Komitmen ini dipertegas Presiden Susilo Bambang Yudhoyono pada acara World Ocean Conference pada 2009 di Manado. Dari komitmen tersebut, Kementerian Kelautan dan Perikanan (KKP) optimistis mampu mencapai target yang sudah ditetapkan.

Apalagi, pada 2012 Indonesia telah memiliki 15,78 juta ha kawasan konservasi yang hari ini telah mencapai 16 juta ha, yang artinya telah melebihi target capaian luas 15,5 juta ha pada 2014. Demikian dikatakan Menteri Kelautan dan Perikanan (MKP) Sharif C Sutardjo, ketika membuka Lokakarya Nasional Konservasi Pesisir dan Pulau-Pulau Kecil, di Jakarta, Selasa.
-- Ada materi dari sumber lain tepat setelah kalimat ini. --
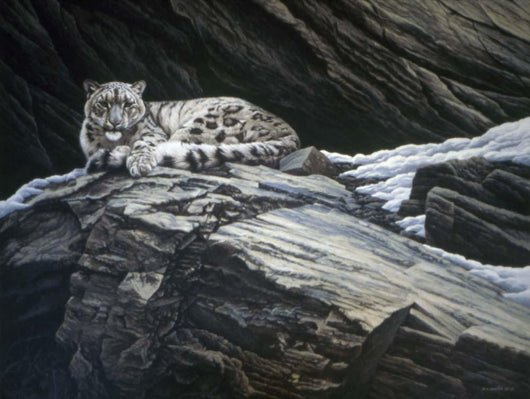 Mountain Monarch Wall Decal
Namun, Sharif mengakui masih ada pihak yang beranggapan konservasi hanya memuat pelarangan pemanfaatan sumber daya sehingga kerap dipandang sebagai beban bagi kemajuan pembangunan ekonomi. Padahal, konservasi dan pemanfaatan sumber daya alam bagaikan dua sisi mata uang yang tidak bisa dipisahkan sehingga memiliki nilai sebagaimana mestinya.